En la medida de su aislamiento, estos «pueblos-isla» de la geografía continental -que tan bien refleja la narrativa- preservan una armonía y felicidad primordial e incontaminada. De ahí su vulnerabilidad, ya que la incomunicación y el aislamiento son cada vez más difíciles de mantener. La condición de isla de tierra firme se pierde cuando los senderos se ensanchan y se transforman en caminos y luego en carreteras que traen, sobre los puentes tendidos entre sus «orillas» incomunicadas, formas de la temida civilización. Y también cuando los postes del telégrafo, del teléfono, las ondas de radio y televisión y las más recientes del «internet» hacen caer todo posible aislamiento para sumergir toda «isla posible» en el magma de la globalización.

Por ello, la isla de «tierra firme» de la narrativa iberoamericana es espacio privilegiado de la nostalgia y la memoria. Anacrónica, arcaizante y pre-moderna, protectora de un pasado idealizado, el topos insular se sitúa a la defensiva y teme el futuro. En ningún caso apuesta al «principio Esperanza», tan caro a Ernst Bloch, para quien el Nuevo Mundo había sido la encarnación de la utopía geográfica, el depositario del futuro.
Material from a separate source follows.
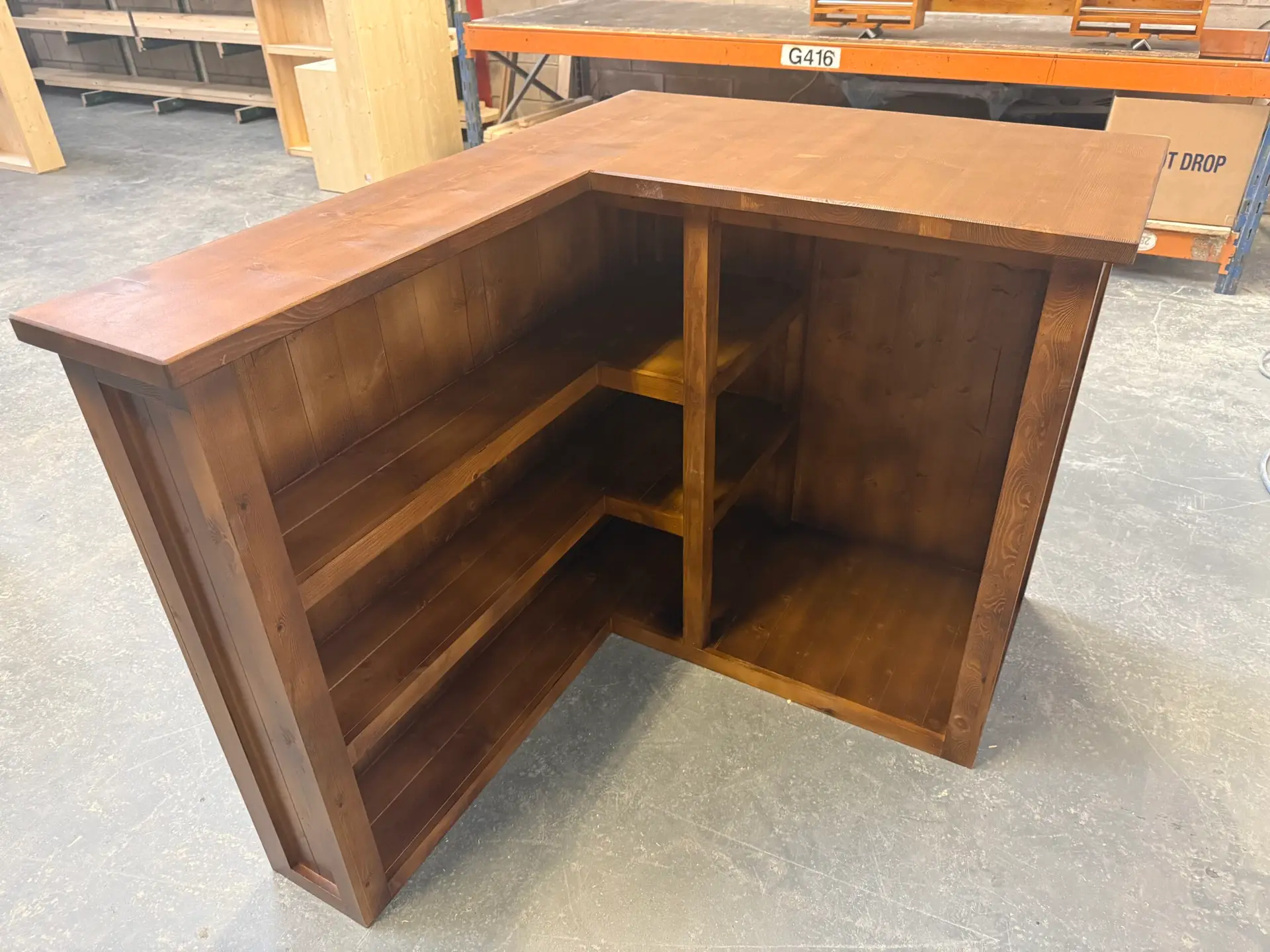 Aperol Spritz home bar in walnut L-shape with rich timber finish UK handcrafted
Eacute;sta sería otra isla posible que vale la pena imaginar: la isla del porvenir. ¿La reflejará algún día la narrativa? Sólo cabe esperarlo. Mientras tanto, el topos de la isla seguirá concitando esa ambigua atracción que atraviesa incólume los siglos. La prueba la tenemos aquí, en esta pequeña isla de Tabarca, espacio de maravilla que hubiera hecho las delicias de D. H. Lawrence y que, sin lugar a dudas, hace la nuestra.